Bu adam menejer yerine menajer diyen insanlardandı. Yaptığı işi olduğundan büyük bir iş sanıyordu. Fuat Bey’i temsil ettiği ve parasını sömürdüğü biri olarak değil de kendi alt benliği gibi görüyordu.

“Fuat Bey’le görüşsem? Eminim konuşursak o da çok heyecanlanacaktır bu röportaja.”

“Kendisinin böyle şeylere zamanı yok. Menajeriyle, benimle görüşülüyor bu konular.”

Kesinlikle menejer yerine menajer diyen bir adamdı.

“Ukalalığımı mazur görün; ama sizin işiniz onun için röportaj, imza günü, bu tür şeyleri ayarlamak değil mi?”

“Evet?”

“E zaten röportaj vermiyorsa size niye ihtiyacı var ki?”

Telefon sessizliği. Sessizliğin en rahatsız edeninden…

“Adınız ne demiştiniz?”

“Cevdet. Cevdet Tandoğan… Lütfen bana yardım edin. İşimi kaybetmem söz konusu.”

Yine telefon sessizliği. İlki kadar kötü değil; ama telefon faturasını akla getiriyor.

“Ben de Ethem. Memnun oldum. Bakın, yardım etmek isterdim Cevdet Bey; ama Fuat Bey bu konuda çok hassas. Yanlış anlaşılmak istemiyor.”

“İşte tam da bu yüzden söylemek isteyeceği her şeyi söyleyebileceği tek bir büyük röportaj çok iyi olmaz mı?”

“Sanmıyorum.”

Adamı kaçırıyordu. Bir şeyler yapmalıydı.

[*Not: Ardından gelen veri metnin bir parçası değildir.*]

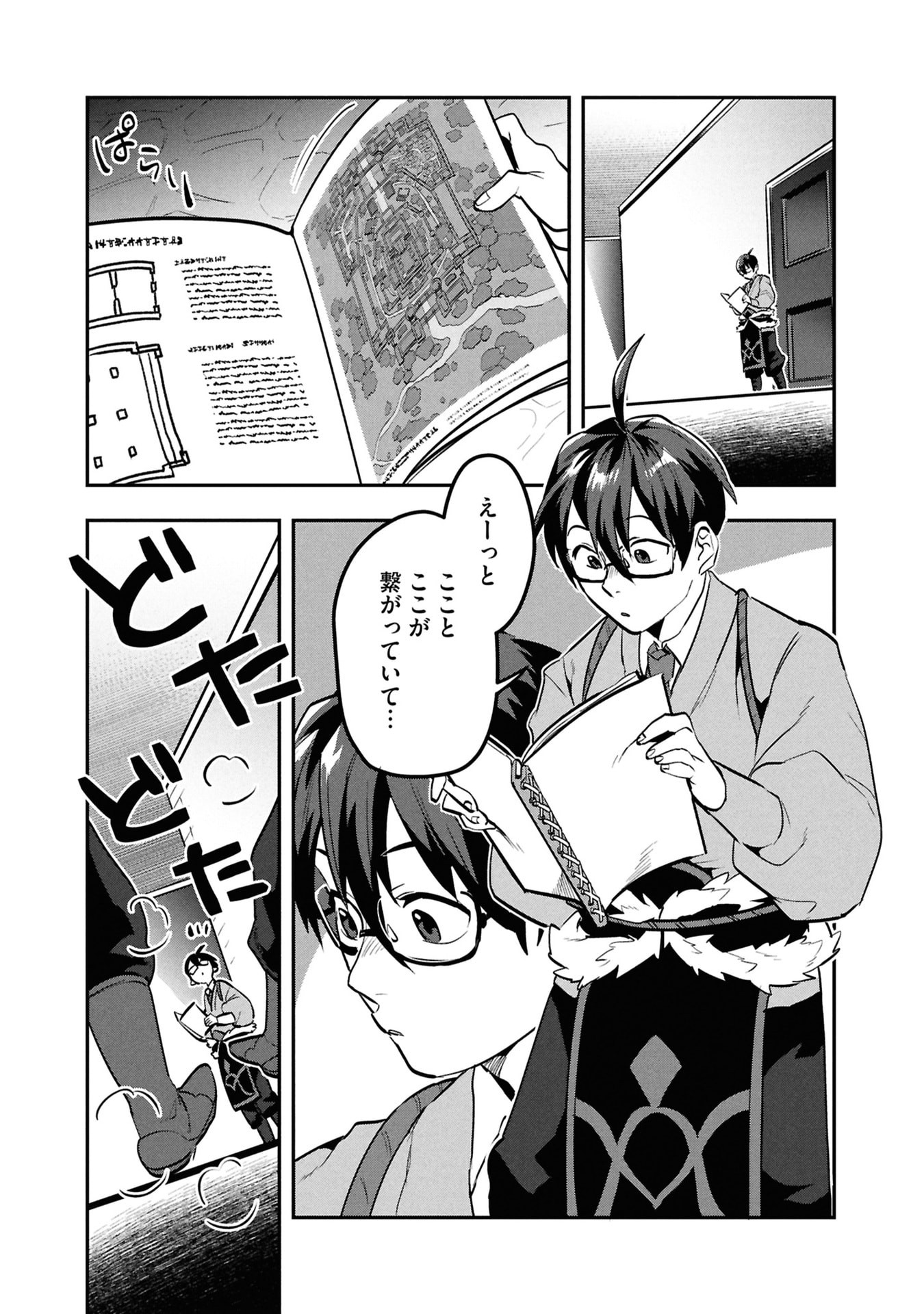 KINO SHITA MAHOU KOUMUTEN: ISEKAI KOUHOU DE SAIKYOU NO IE ZUKURI WO Chapter 11 page 8 - nihonkuni.com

“Yanlış anlamanızı istemem; tüm kitaplarını da çok seviyorum; ama ortalıkta söylentiler dolaşıyor…”

Beklediği ve istediği bir sessizlik.

“Diyorlar ki kitapları aslında o yazmıyormuş, arkasında koca bir ekip varmış, başkasının işleriymiş. O yüzden basına çıkmıyormuş… İnsanların anlayacağından korkuyormuş.”

“O nasıl şey? Saçmalamayın!” Bir kez daha telefondaki bir ses bağırıyordu; ama bu seferki bıyıklı bir bağırış değildi.

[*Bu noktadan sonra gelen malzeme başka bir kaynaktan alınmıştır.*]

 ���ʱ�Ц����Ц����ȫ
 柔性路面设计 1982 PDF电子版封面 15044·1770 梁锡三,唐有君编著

“Ben kesinlikle katılmıyorum bu görüşe! Ama insanları inandırmak gerekiyor. Siz de biliyorsunuz. Bu işin içindesiniz…”

-Kitaplarınızla ilgili konuşmaya geçmeden önce, bize günlük yaşamınızdan bahsedebilir misiniz? İnsanlar merak ediyor Fuat Girezli’nin neler yaptığını, nelerden hoşlandığını…

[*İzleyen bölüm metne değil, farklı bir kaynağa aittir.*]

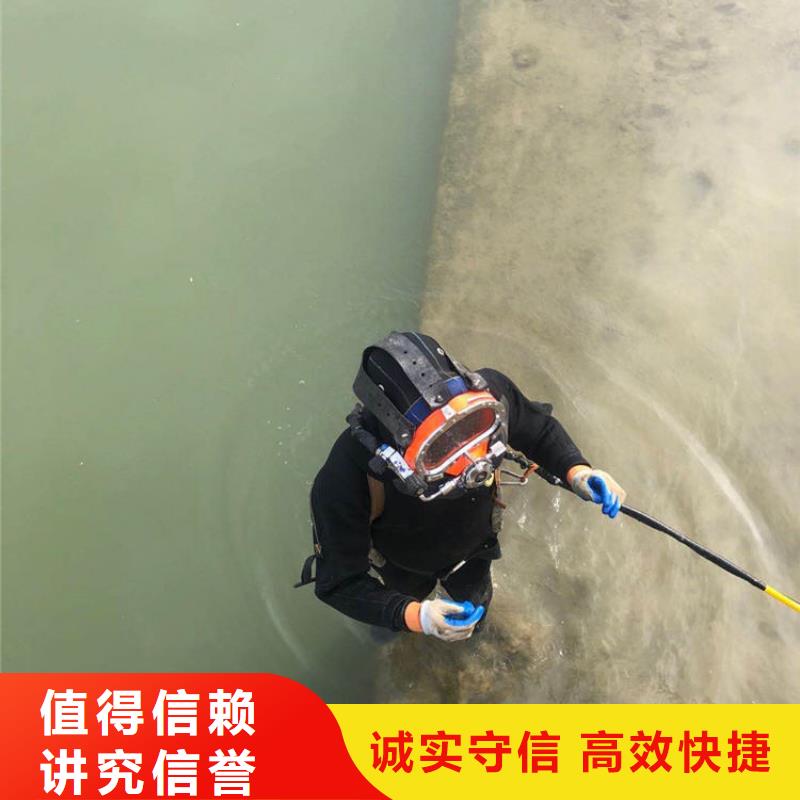 黔江区水下探摸【水下工程-本地】价格公道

Sıkıcı bir insanım. Gerçekten, bunu okuyan hiç kimsenin ilgisini çekecek bir şey yapmıyorum. Sabahları omlet ya da tost yiyorum çoğu insan gibi. Bazı insanlar gibi benim de en sevdiğim yemek kuru fasülye. Attila İlhan’ın da öyleymiş. Hiç evlenmedim.

“Röportajı kabul ettiğiniz için çok teşekkür ederim Fuat Bey”. Elini uzattı, Fuat Bey’in elini iyice sıktı.

Masaya otururken iyice inceledi karşısındaki yazarı. Uzun süreler boyunca masalara eğilen insanlara özgü bir kamburu vardı. Onu Notre Dame’ın kamburu yapacak kadar değil; ama fiziğinin bozulmuş olduğunu belli edecek kadar eğik. Gözlerinin altında üç sıra torba vardı, ve koyu kahverengi bir renk almışlardı. Sigara içen insanların bıyıklarının sararması gibi görünüyorlardı. Sanki sigarayı gözlerine çekiyormuş gibi. Gözleri, belki de çocukken lacivert denenlerdendi; ama şu an koyu griye kaçan bir kahverengiydi. Sürekli yan tarafa, birkaç masa ötede oturan bir adama bakışlar atıp duruyorlardı. Elleri titremiyordu; ama sanki onları nereye koyacağını bilemiyor gibiydi. Belli ki uzun süredir insan içine çıkmamıştı.

“Ne içersiniz Fuat Bey?” diye sordu Cevdet, Fuat Bey’in kaçamak bakışlarından bir başkasını yarıda keserek.

“Sadece su.” dedi Fuat Bey başından savarcasına.

Cevdet garsona işaret etti. Bir su ve bir Nescafe istedi.

“Nasıl istersiniz? Hemen başlayalım mı? Önce sohbet mi edelim? Aç mısınız? İsterseniz yemek yiyebiliriz önce?”

Fuat Bey bakışlarını tekrar Cevdet’e döndürdü. Bir an sırıttı ve aynı hızla tekrar hissizleşti.

“Başlayalım. Lütfen.”

Cevdet çantasından içinde notlar dolu kitaplarını, ses kayıt cihazını, kalemini ve not defterini çıkardı. Ses kayıt cihazının kapağını açıp kasedi kontrol etti, kapattı ve masanın ortasına koydu. Üzerindeki kırmızı düğmeye bastı.

“17 Mayıs 2010. Tellioğlu Restorant. Cevdet Tandoğan Fuat Girezli röportajı. Birinci kaset-”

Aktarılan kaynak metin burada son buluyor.